0:00
0:00

0:00

Prawa autorskie: Ilustracja Weronika Syrkowska / OKO.pressIlustracja Weronika ...

Szczepimy się na odrę i inne choroby zakaźne nie tylko dla siebie samych. Robimy to także dla innych, czyli dla ogółu.

Odporność populacyjna, zwana czasem stadną, to stan, w którym jest tak dużo zaszczepionych ludzi w danej populacji, że patogen nie ma szans się rozprzestrzenić.

“Tak dużo” to różne liczby w przypadku różnych chorób. Jeden patogen przenosi się słabiej i na przykład każdy chory zakaża dwie kolejne osoby. Drugi przenosi się znacznie łatwiej i każdy chory jest źródłem zakażenia kolejnych kilkunastu osób.

Te liczby to tak zwany wskaźnik reprodukcji wirusa lub bakterii w populacji (często oznaczany literą R).

Wzór na odporność populacyjną jest prosty: od jedności odejmujemy odwrotność liczby R (czyli ułamek o postaci 1/R).

W przypadku “zwykłych” odmian wirusa grypy jest to poniżej dwóch osób. Naukowe źródła podają średnio 1,3 osoby. Odporność populacyjna na sezonową grypę wynosi więc 1-1/1,3 (lub, jeśli ktoś woli, 1-10/13). To około 23 procent. Zaledwie taki odsetek zaszczepionych wystarczy, by zatrzymać epidemię grypy.

Jeśli jeden chory zakaża średnio dwie osoby – tak jest na przykład przy bardziej zjadliwych odmianach wirusa grypy – liczba R wynosi 2. Odporność populacyjna nastąpi, gdy zaszczepimy 1-1/2, czyli połowę populacji lub więcej.

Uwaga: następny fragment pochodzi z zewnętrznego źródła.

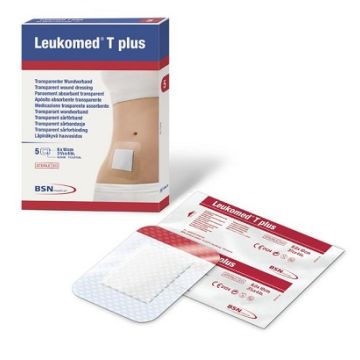 Leukomed t Plus Medic 8x10cm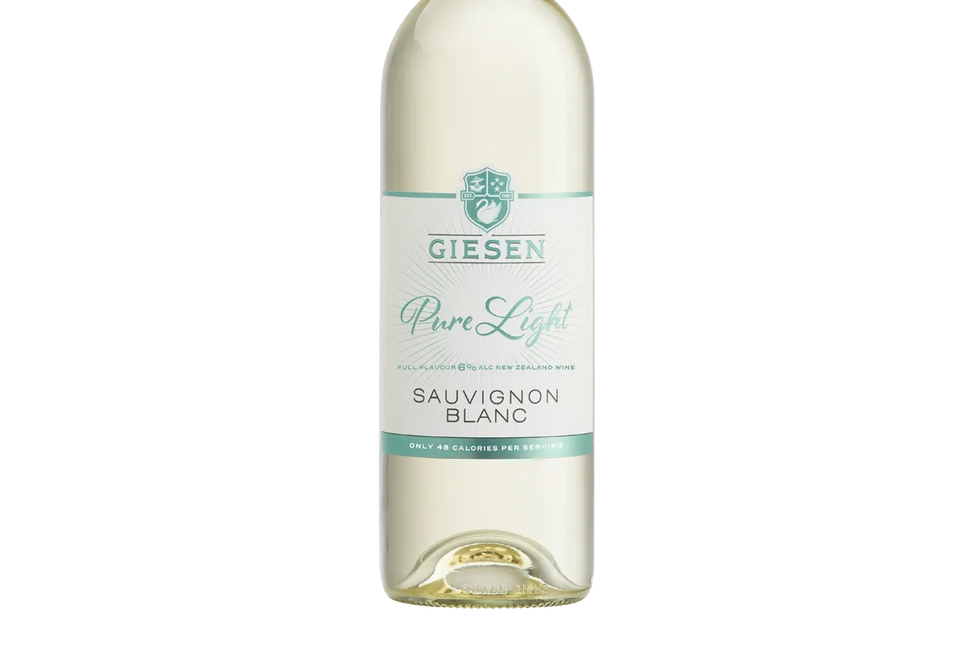 Giesen Pure Light New Zealand Sauvignon Blanc 2023 - Sauvignon Blanc - Black Market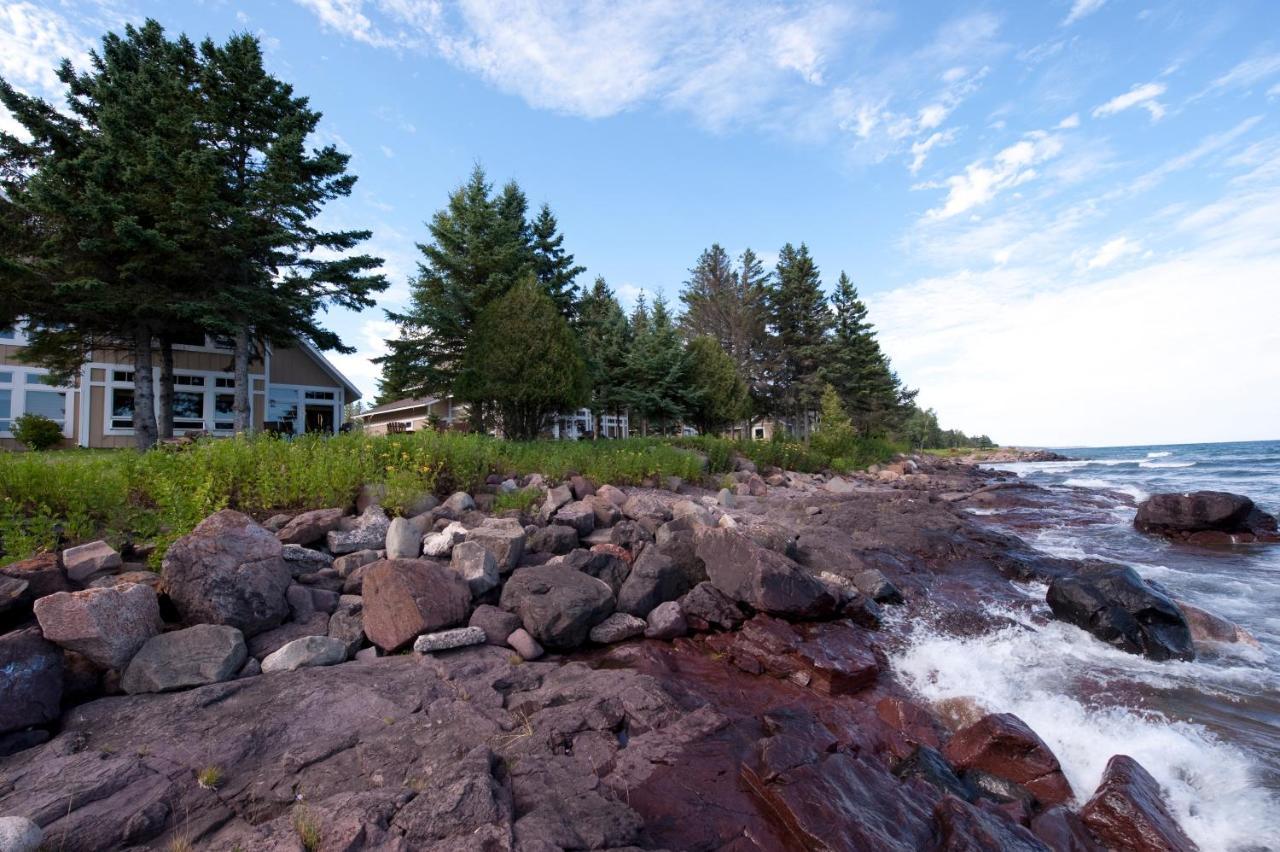 Larsmont Cottages Two Harbors Bagian luar foto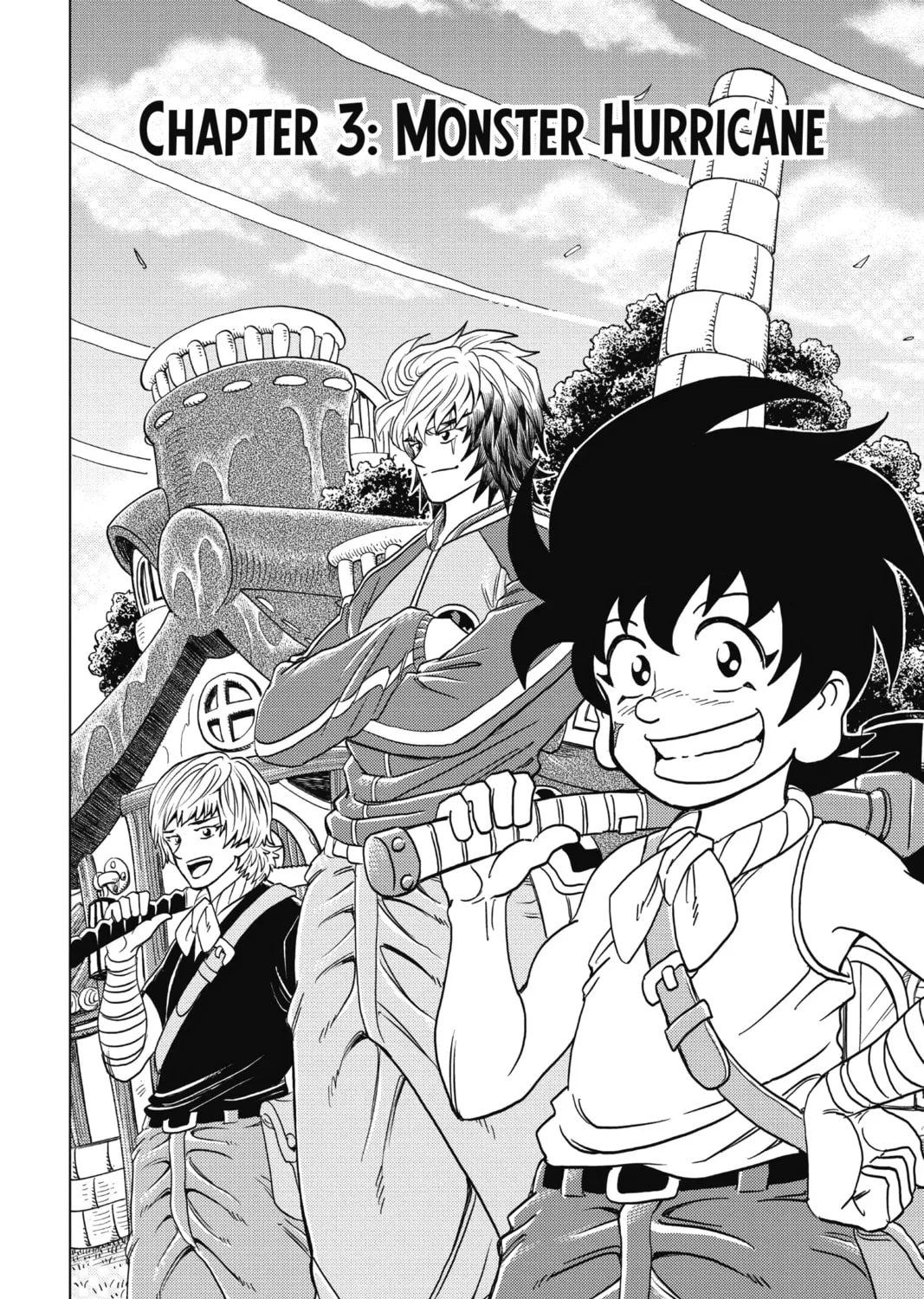 Read Build King chapter 3 image 2 on Lezhin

Nieco bardziej zakaźny był pierwotny szczep wirusa covidu. Przeciętnie każdy chory zakażał 2-3 kolejne osoby. Następne warianty zwiększały zakaźność, w przypadku odmiany delta było to od 3 do 5 osób. Dla ułatwienia obliczeń przyjmijmy, że były to 4 osoby (i taki był współczynnik R). Próg odporności populacyjnej na covid wynosił zatem 1-1/4=3/4, czyli około 75 procent.

Oznacza to, że odporność stadną na covid na wariant delta nabyliśmy, gdy odpornych osób (zaszczepionych i ozdrowiałych) było 75 procent lub więcej.

Dlaczego te wyliczenia były ważne, okaże się, gdy przejdziemy do odry.

Przeczytaj także:

Najbardziej zakaźna choroba

Odra (łacińska nazwa morbilli, angielska – measels) jest prawdopodobnie jedną z najbardziej zakaźnych chorób (nieznacznie ustępuje jej ospa wietrzna). Charakteryzuje się gruboplamistą czerwoną wysypką, zapaleniem błon śluzowych dróg oddechowych i spojówek z towarzyszącą gorączką.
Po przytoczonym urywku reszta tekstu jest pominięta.